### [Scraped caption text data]
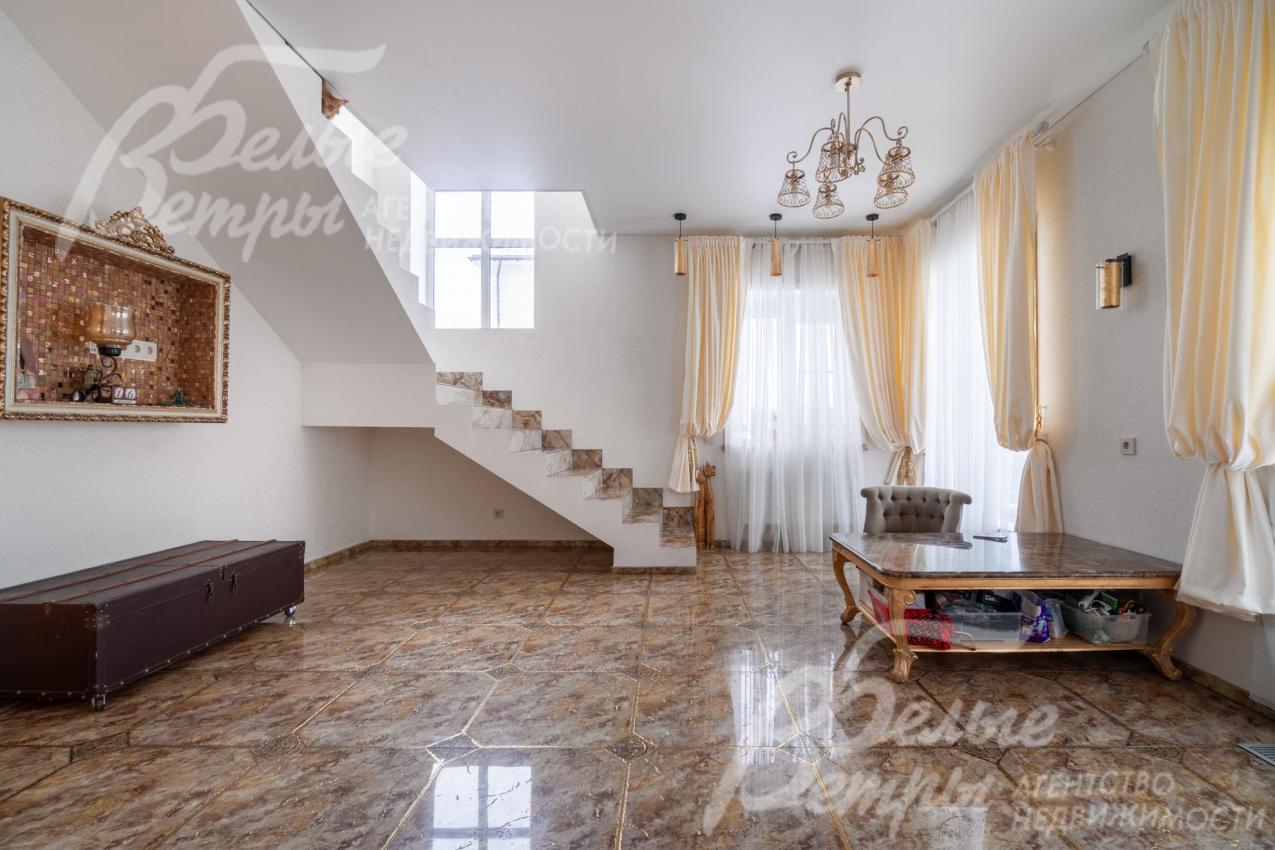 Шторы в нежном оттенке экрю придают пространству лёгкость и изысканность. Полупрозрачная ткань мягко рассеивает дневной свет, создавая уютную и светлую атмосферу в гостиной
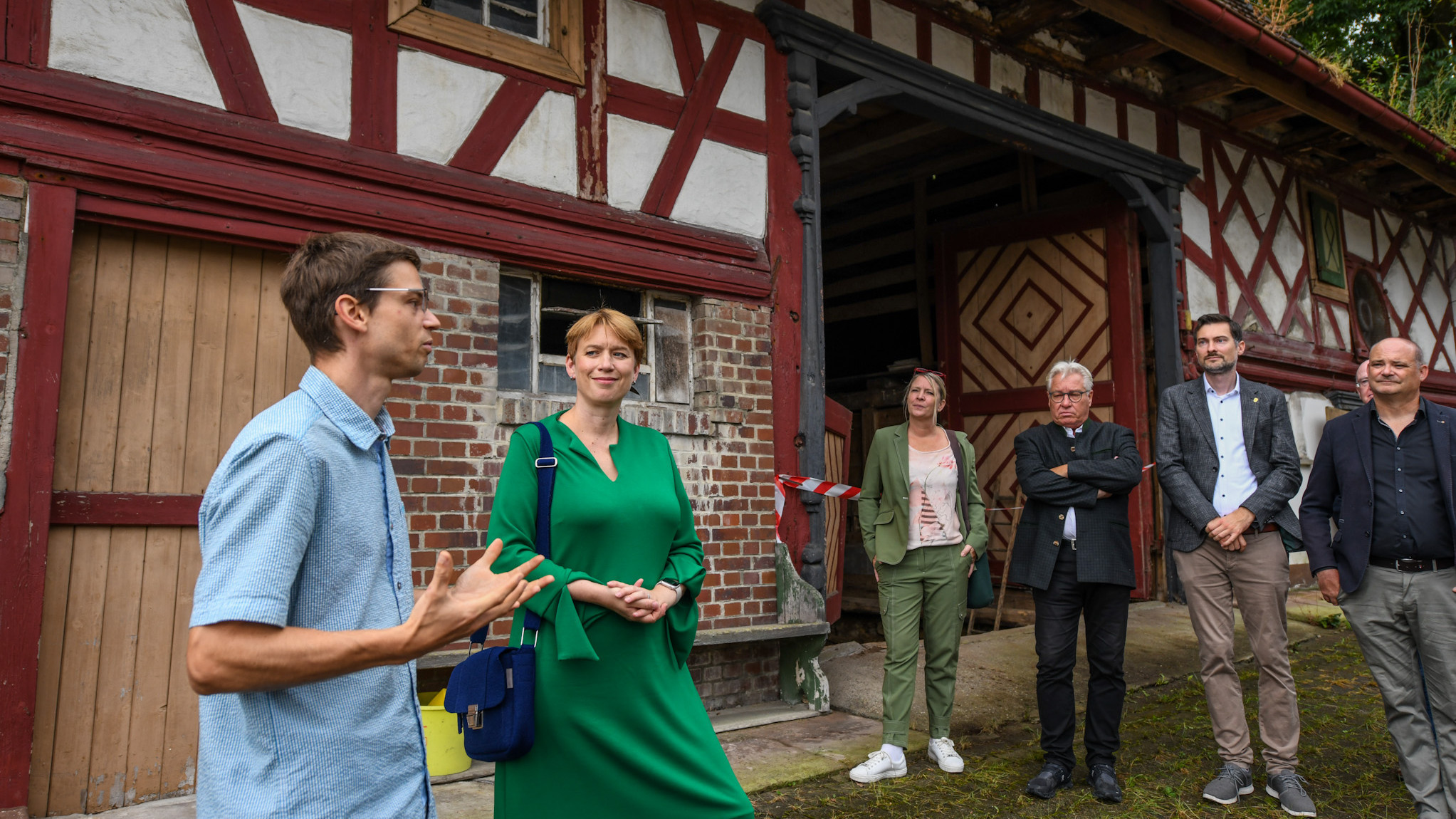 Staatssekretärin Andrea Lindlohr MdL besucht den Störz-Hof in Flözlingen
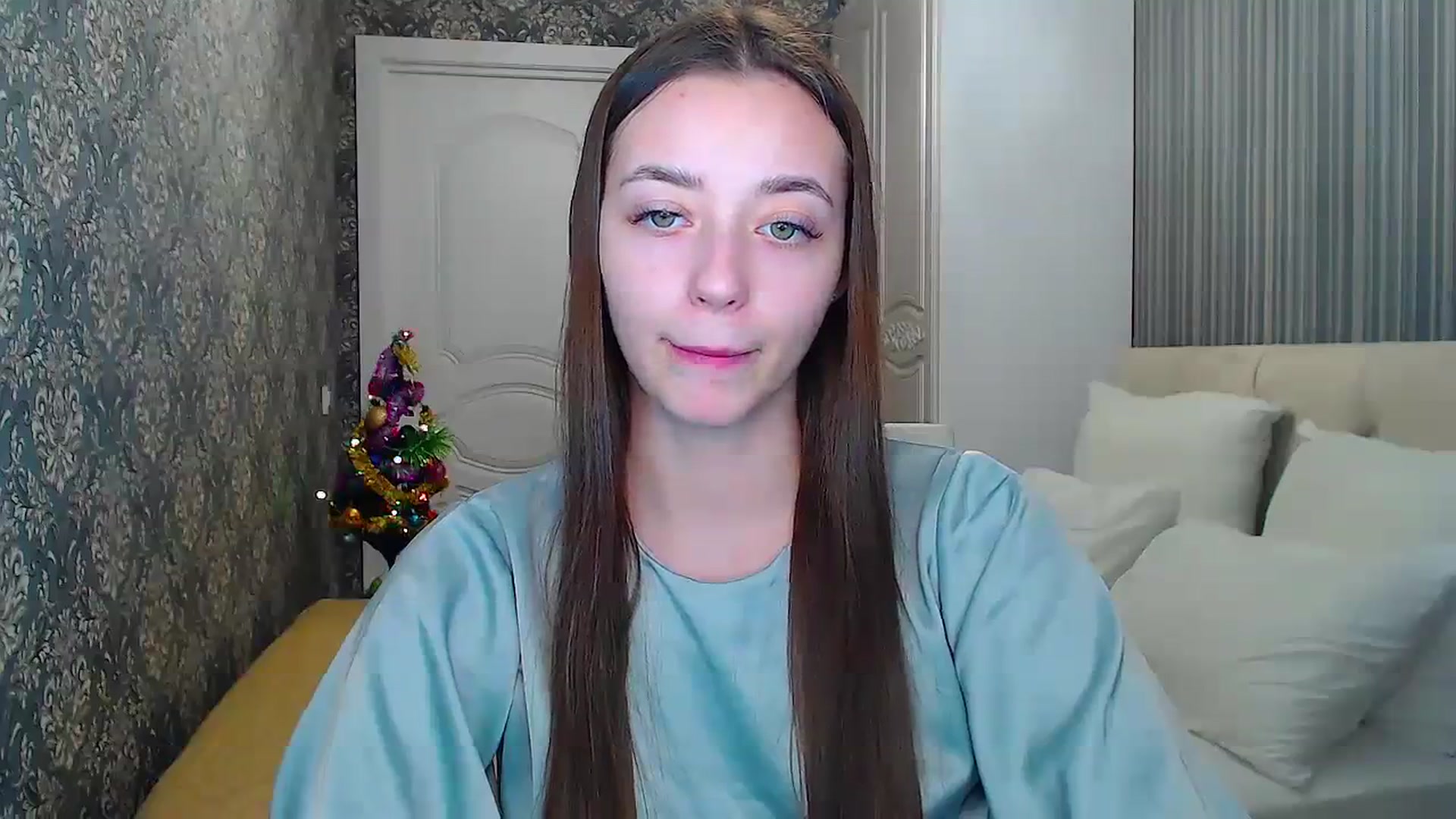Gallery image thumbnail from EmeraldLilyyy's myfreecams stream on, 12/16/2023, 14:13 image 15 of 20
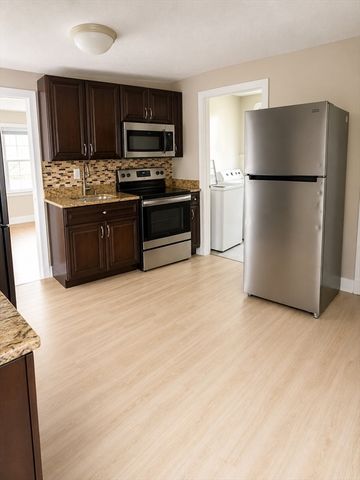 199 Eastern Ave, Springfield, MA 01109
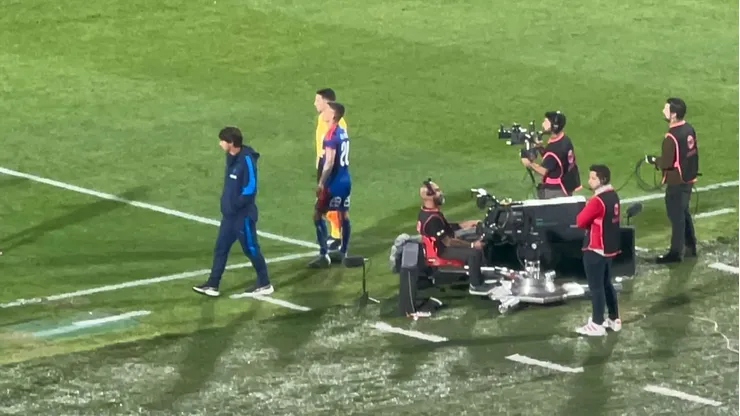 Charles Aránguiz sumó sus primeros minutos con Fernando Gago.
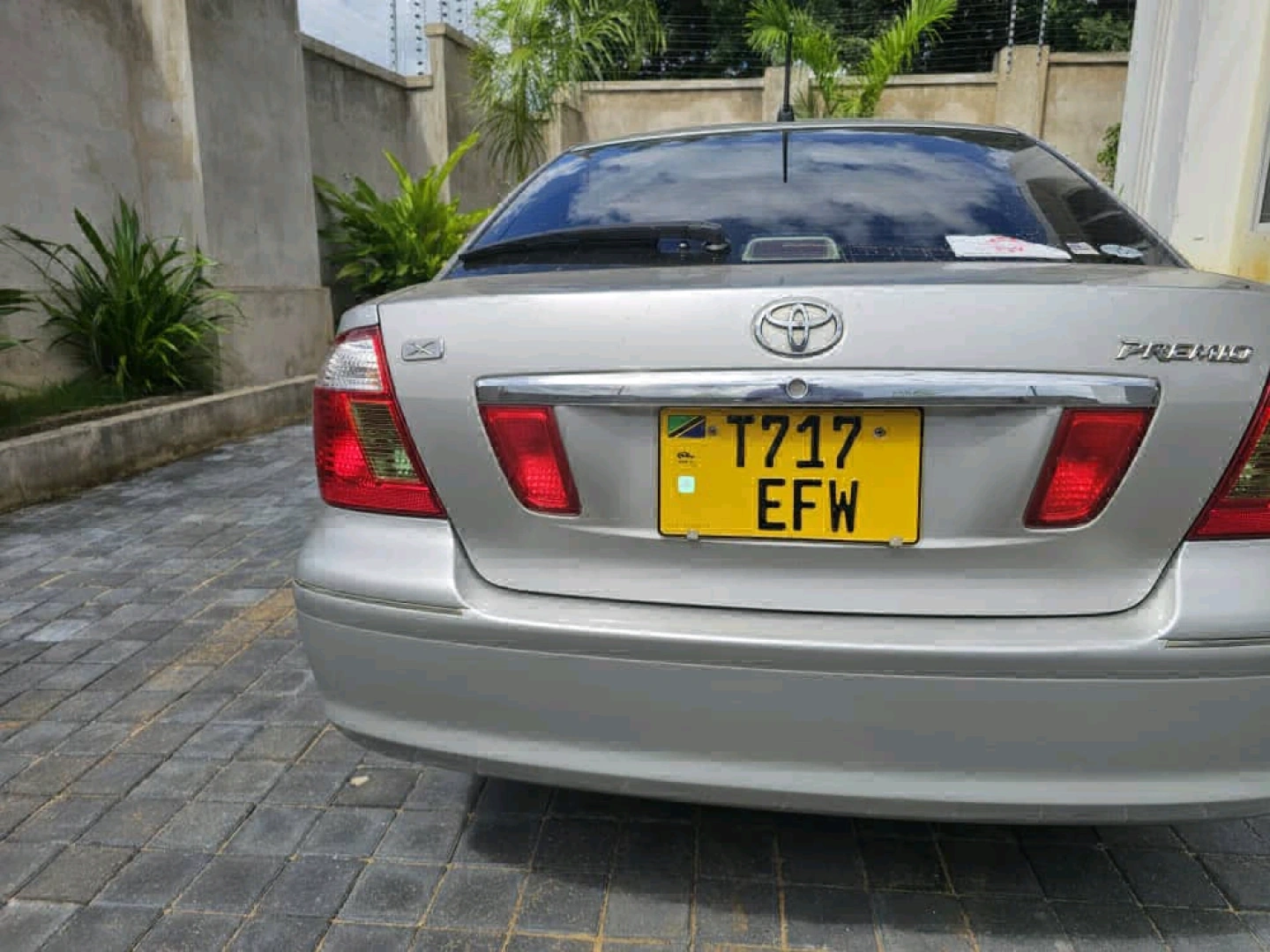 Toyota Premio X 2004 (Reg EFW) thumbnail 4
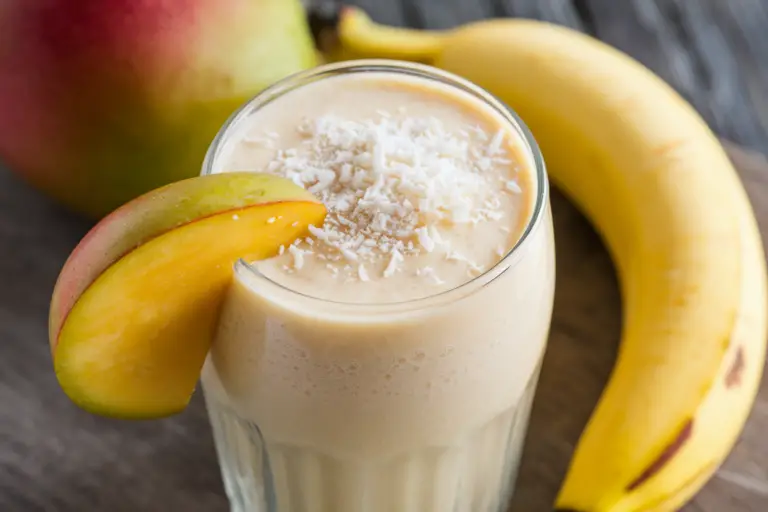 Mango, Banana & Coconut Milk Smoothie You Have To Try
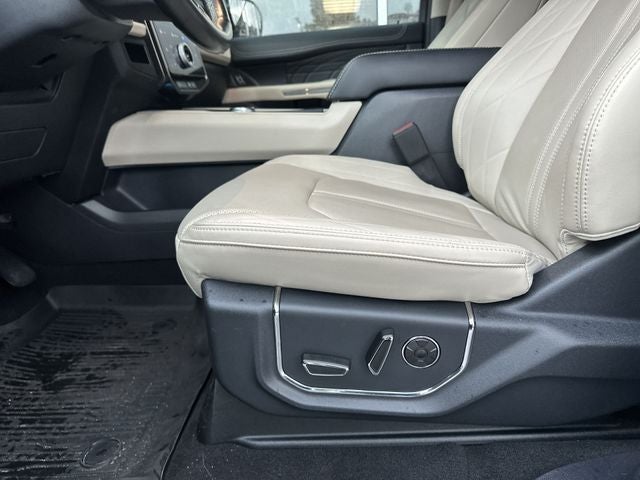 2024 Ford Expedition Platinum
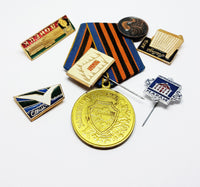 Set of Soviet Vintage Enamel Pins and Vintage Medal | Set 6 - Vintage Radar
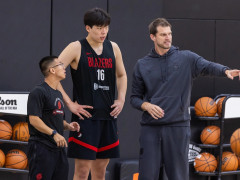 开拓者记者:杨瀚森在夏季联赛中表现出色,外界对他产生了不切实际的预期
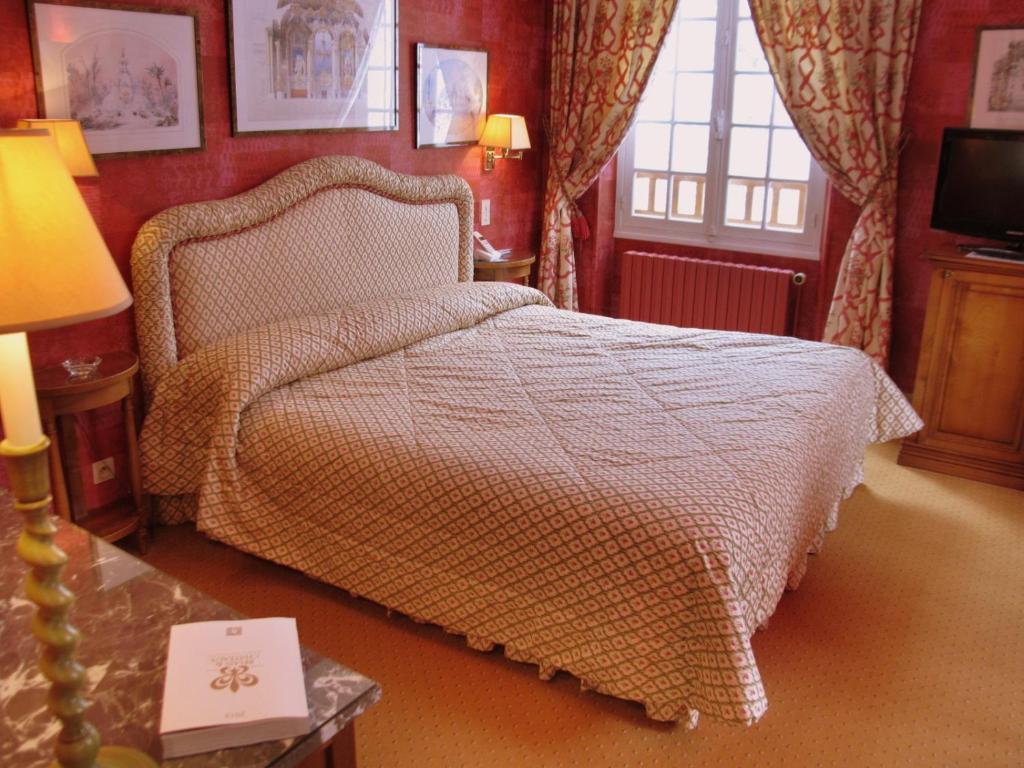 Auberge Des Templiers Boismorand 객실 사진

### [Action item]
The reply needs to repeat exactly the line containing "开拓者记者:杨瀚森在夏季联赛中表现出色,外界对他产生了不切实际的预期" and each line after it, through the final line of the entries above, and to skip the pictures.

### [Output for this task]
 开拓者记者:杨瀚森在夏季联赛中表现出色,外界对他产生了不切实际的预期
 Auberge Des Templiers Boismorand 객실 사진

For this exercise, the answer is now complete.